Remembering Bill

Friday, November 1, 2013

I got a text message this afternoon from a childhood friend letting me know that my former neighbor died. To say it took me by surprise is an understatement; certainly you never expect to receive such devastating news via such a casual delivery method on a sunny Friday.

My neighbor's name was Bill, & right up until I left for college, he & his wife, Christie, lived in the house next door to the one where I grew up. They moved sometime shortly afterward, to a condo in the next town over, & we didn't see them much after that, but throughout the years, I've thought of them with some regularity. In such a small, tight-knit Midwestern neighborhood, they were a huge presence during my childhood, part of so many of my memories.

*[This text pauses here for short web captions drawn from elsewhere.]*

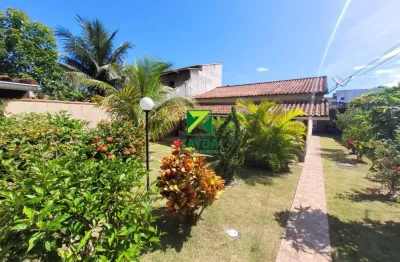 Casa linear com 02 quartos e área gourmet, bairro cidade praiana em rio das ostras.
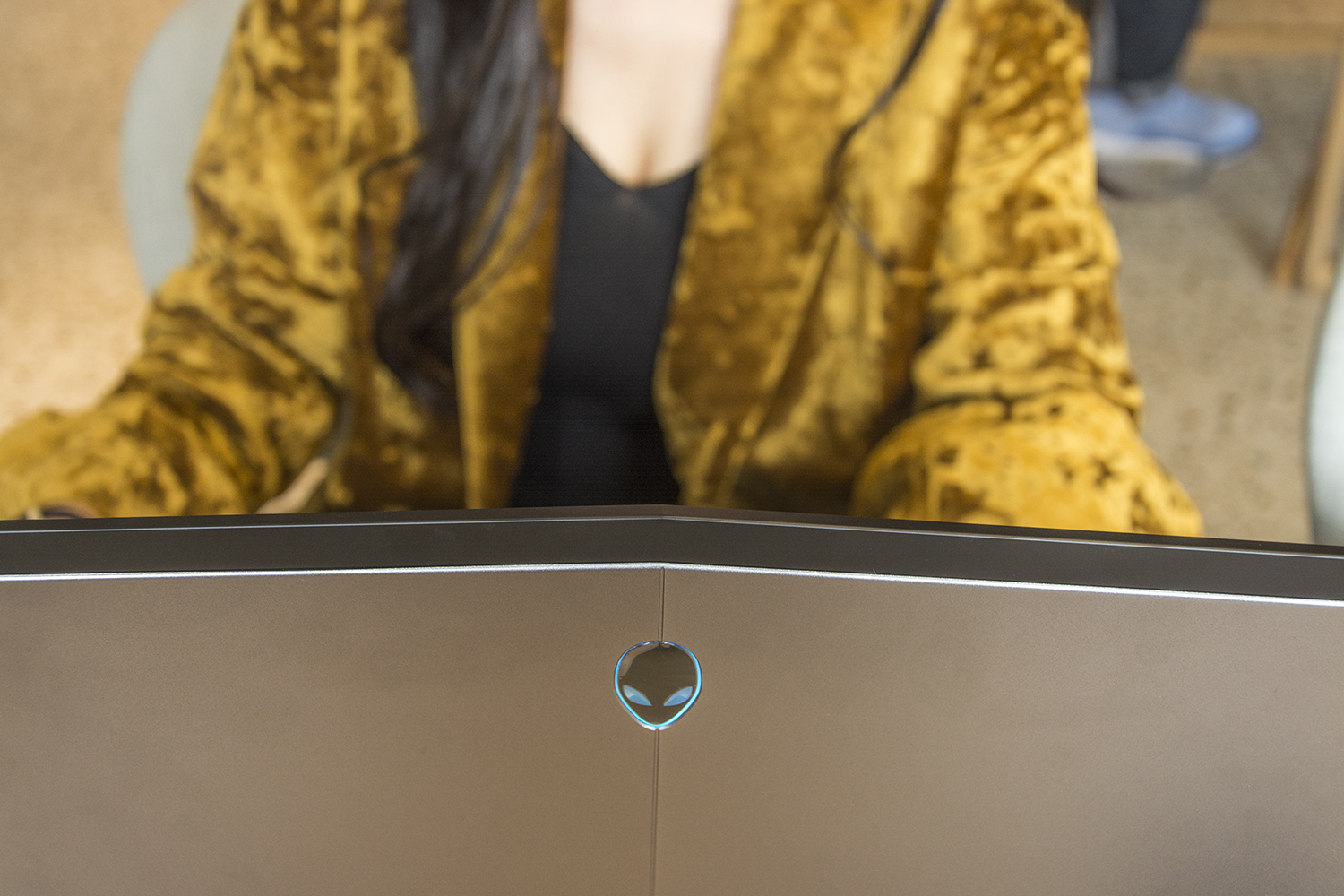 外星人alienware15r4,外星人15r4是哪一年上市的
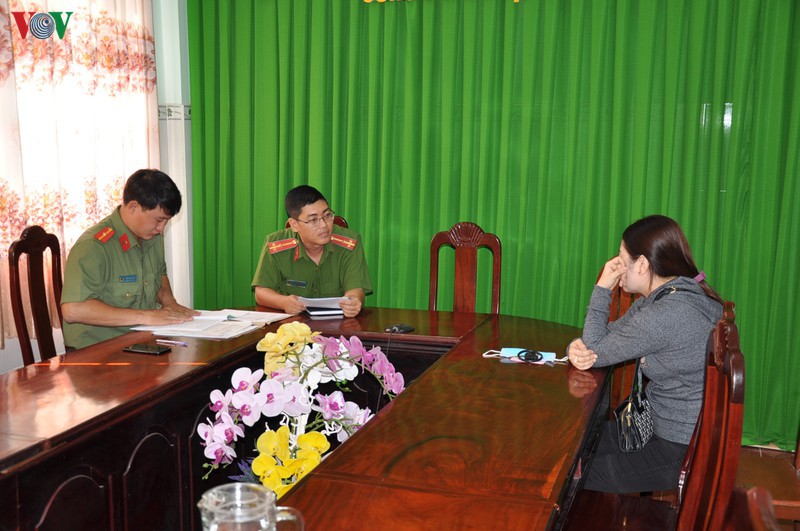 nong 24h: tung tin gia ve dich covid, nhieu doi tuong bi xu phat hinh 1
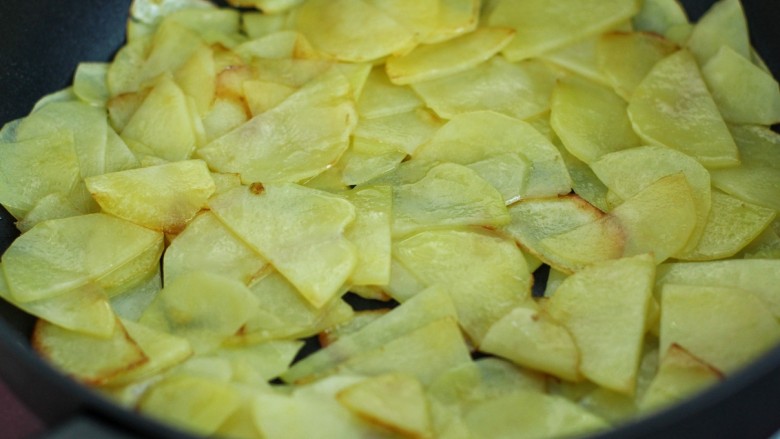 孜然洋葱土豆片,锅中倒适量食用油烧热后,放入土豆片小火煎炒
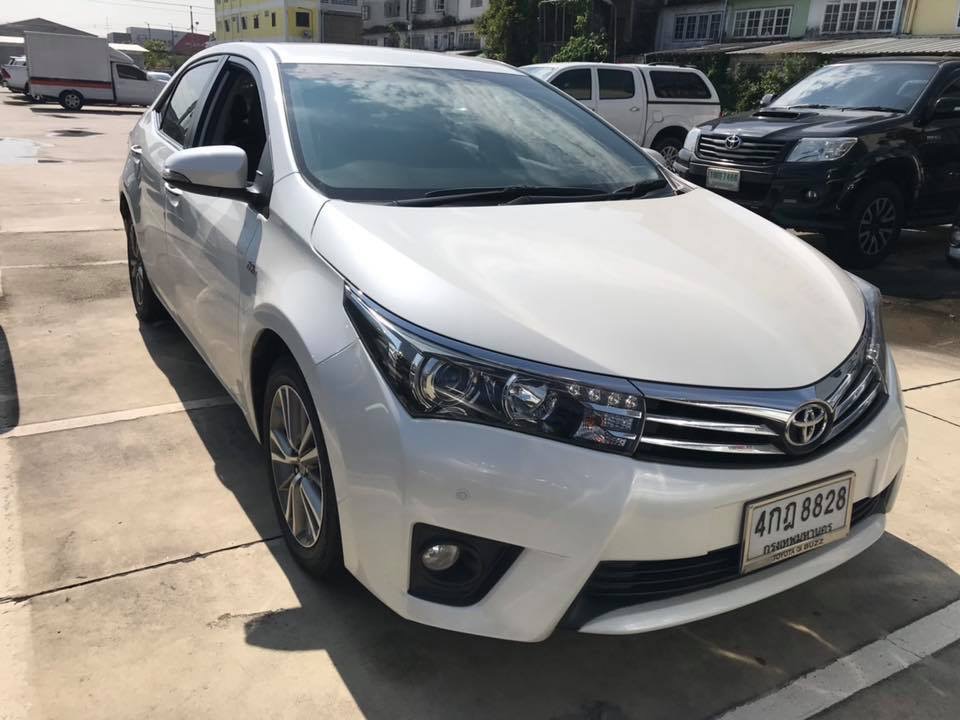 Toyota Corolla Altis โฉม 14-16 ปี 2015 สีขาว (รูปที่ 2)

Bill was a big personality, always quick with a joke & a loud laugh - our Wilson next door but without a fence in the way. He worked nights at the local newspaper, something to do with printing or delivery, so he was often home during the day. My parents used to joke that Bill knew everything about everyone on our street, always the first to relay the scoop on who among our other neighbors was having an affair & whose kids had gotten in trouble with the law & all the other small-town goings-on that people try to keep under wraps. Today, when I blog about things like drug dealers next door & neighbors who have loud sex, I sometimes think fondly of Bill; I like to think that he would get a kick out of what a busybody I seem to have become.

Bill kept their lawn meticulous, & sometimes he'd mow ours, too, though maybe that was just so we didn't make his look bad by proximity. Often, I'd go to their house after school, doing homework at their living room table & playing with their dog, Brandy, until my mom came home from work. Their home was full of collectible pigs, which Christie loved, & I made a habit of counting how many I could find, oftentimes more than 100 of them. One year, after they'd built an add-on room with high ceilings, they brought home a towering, monstrosity of a Christmas tree & decorated it straight out of a Martha Stewart catalog, the most beautiful Christmas tree I'd ever seen. Within a day of setting it up, though, they noticed that it was emitting an occasional pop, pop, pop sound, one that had everyone concerned an animal was living inside. Bill, BB gun at the ready, was going crazy trying to figure out the origin of the noise. Imagine his relief when they discovered it was just a bunch of tiny pine cones, opening up along the branches!

When my dad was sick, & later, after he died, our neighbors helped take care of my mom & me as much as they could. This meant that more than once, Bill stepped in to rescue us from sure disasters - & he always did it with a laugh & a friendly tease. There was the time we returned home to find our back door wide open, afraid someone was lurking inside, & he came over to inspect it before we went inside. There was the time my mom called him, frantic & terrified when she discovered a bat flying in circles around her bedroom, & he ran over, armed with a giant fishing net, to catch it. And there was the time my freshman year of high school, when my mom & I tried to set up a Christmas tree & found ourselves in a state of near-collapse. Bill came over that time, too, fishing wire in hand, & he tied that sucker to the window frame, tight enough that it wouldn't tip over.

Isn't it funny how you can think you don't remember much about a person from your past? And then it all comes rushing back, like it was just yesterday - full, colorful versions of a lifetime ago. When I got that text telling me that Bill was gone, that he'd died at a hospice care facility I didn't even know he was in, suddenly I was 10 years old again, trying to climb the big tree in his backyard & smelling that cigar smoke from his porch & excitedly accepting the blank rolls of newspaper butcher paper he brought home from work for me to use for extravagant craft projects. He was a good man, someone I loved & trusted & whose presence in my life was constant & positive, & although it's been a long, long time since I last saw him, I'm surprised to find that I can still recall his voice, that laugh, & all kinds of packed-away memories I'd nearly forgotten.

I don't know whether I believe in heaven, that there's some happy, shiny place beyond this world where we pass on & spend eternity laughing & singing & dancing with angels, or whatever it is that other people believe about life after death. I know, though, that if such a place exists, there's an old neighbor & a chocolate lab waiting there with a smile, welcoming Bill to join them.